One such case though concerned taxis and other private hire vehicles in Southampton, where the local City Council’s policy that drivers had to record all conversations and images using CCTV for safety reasons when their cars were in use [http://www.bbc.co.uk/news/uk-england-hampshire-18982854] was ruled “disproportionate”.
In this instance, UK data protection watchdog, the Information Commissioner’s Office, said that the Council had “gone too far” as the safety of passengers and drivers had to be balanced against “the degree of privacy that most people would reasonably expect in the back of a taxi cab”.
But Pete Wood, chief executive of information security consultancy First Base Technologies, is less concerned about such issues and more about the creation of data “supersets”:
I don’t see the commercial merit for retailers in abusing your personal information - they want more business and the way to get it is to target you more cleverly. In my view, it’s just part and parcel of living in a capitalist society.
The real fear for him is what happens if the data isn’t secured properly and gets into the wrong hands as a result:
Because this kind of information is so all-encompassing, if it leaks the danger is that someone with a less ethical mindset combines it with other online data such as the voters’ or housing register and is able to form conclusions about individuals. There’s a natural paranoia about not wanting corporations to hold lots of information about you, although Elvis has left the building there. But it’s when all of this data is combined to make a superset that it gets really scary.
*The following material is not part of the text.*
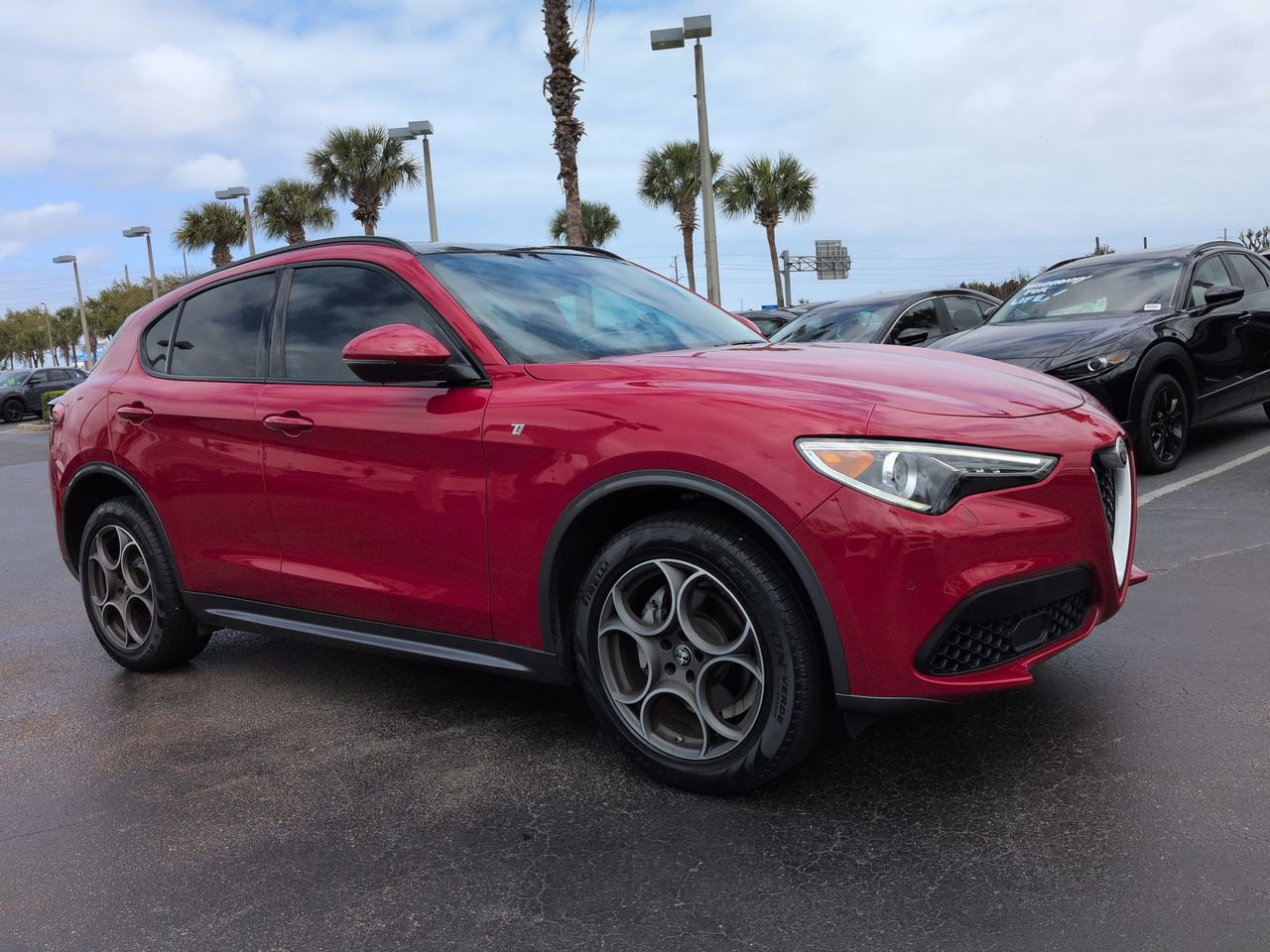 Used 2023 Alfa Romeo Stelvio Ti image 2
On the positive side though, at least such issues are starting to come out into the open more to be discussed. As Bernal concludes:
Since the Snowden revelations, everyone has been worried about the security services, but corporations gather far more information with more direct implications for our lives – and the security services often get access to it too so it’s a double whammy. But whether the situation is good or harmless, it’s something that we should know about because building the infrastructure to enable organisations to know everything about us has implications.
The time to debate these privacy questions at both a societal, governmental and international level is now rather than wait for a major breach of privacy law to set a legal precedent.